First of all, I work on printing software. My visibility to the scanning solutions is limited.
Next, HP would not allow me to give a date, even if I knew one. This is largely because no matter how much science is behind it, predicting the future is not an accurate science. In the case of software development you never know if a serious problem will be found in the last stages of testing that requires a lot of additional coding and testing (time!) to fix. HP's experience is that NOT giving a date is better than giving a date and missing it. As you have observed, the most HP will say is whether it is being worked on or not. If you do see a release date predicted it is probably very close (within a month) and the date is posted because the software is finished and tested with the only remaining task being distribution. By "distribution" I mean put on the web, put on Apple's Software Update, etc. Yes, with processes companies put in place for that sort of thing it takes much more than a day.
I am sure that is not a very satisfactory answer. Sorry, it is the best I have.
But as you seek this information I have a couple of suggestions if you have not already tried them:
HP's CEO is a pretty bright guy but he knows business, not software development. He is less likely to know the answer to your question than I am. I suggest you go back to where ever you saw the post you mentioned and ask for an update.

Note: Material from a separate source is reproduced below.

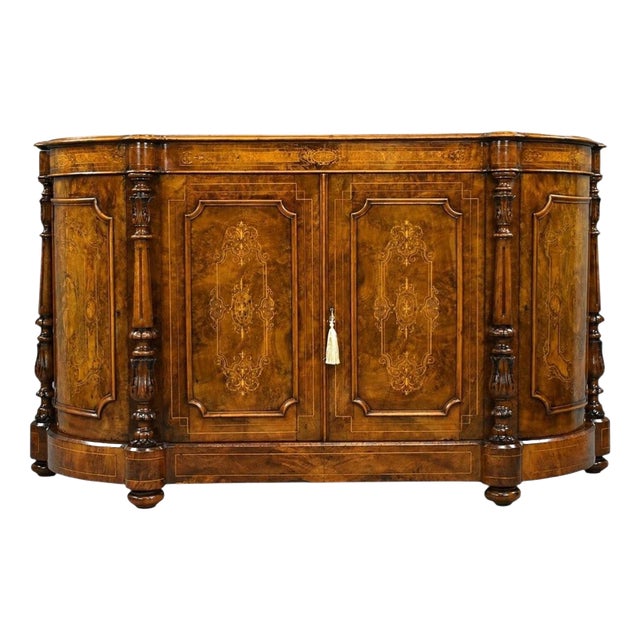 Victorian Burr Walnut Marquetry Credenza, 1860 For Sale
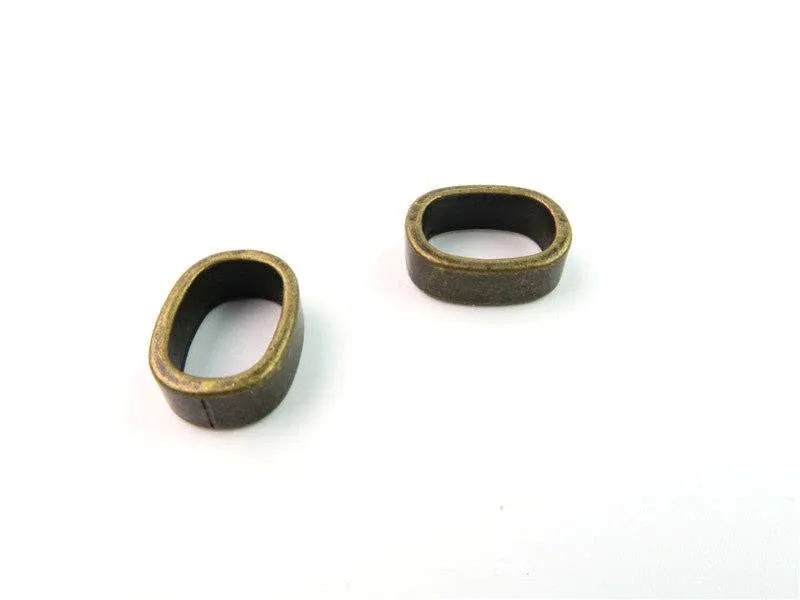 30pcs Round flat Slider, Zamak, Antique Brass, for flat leather, bracelet findings, Jewelry Findings & Components D-2-8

I would also suggest you be specific about the model of scanner or MFP you own because blanket replies may not cover all products. You want a specific answer for your device and the only way to get that is to specify the device.
04-20-2010 01:50 PM
I think what should be important to recognize is that frustration is building in all kinds of users of all ages.
Some of us are old enough to remember the beginnings of personal computing with the Mac Lisa, then Apple II, and the proliferation of the "clone wars".
Printers were expensive hardware, but ink ribbons were not.
Now we've seen a reversal which seems counterproductive.
The hulking big thing that does the work is the disposable piece?
What's honestly confusing is how we screwed up some very simple applications that were easy to execute and turned them into convoluted, explosion of choice which:
1. Doesn't get the job done efficiently, cheaply OR easily
2. Provides so much choice that you need a PhD to understand and troubleshoot.
3. Has so many steps that it wastes everyone's time.
If developers are looking for solutions, they might:
1. Market specific printers to be sold with specific systems whose learning curve shouldn't be longer than the device's life span.*
2. Market specific printers for EASE OF USE (newbie vs geek network) out of the box.
3. Consider engineering ink refill fluids or large cartridges, so we aren't wasting time and energy filling this stuff up all the time*
4. Engineering things that last, need little maintenance and are relatively green will insure a happier customer base and business users coming back over and over again to the company that SOLVES their problems.
5. Quality DOES matter to most customers and businesses.
6. Too many choices undermines functionality and efficiency and costs us all time and money.
Ideas that are failing:
Engineering absurb packaging and electronic "chips" on each ink cartridge in ecologically damaging containers.
Needing technical expertise to print something or reproduce an image that can now be done faster and cheaper with pencil and paper or the photo kiosk.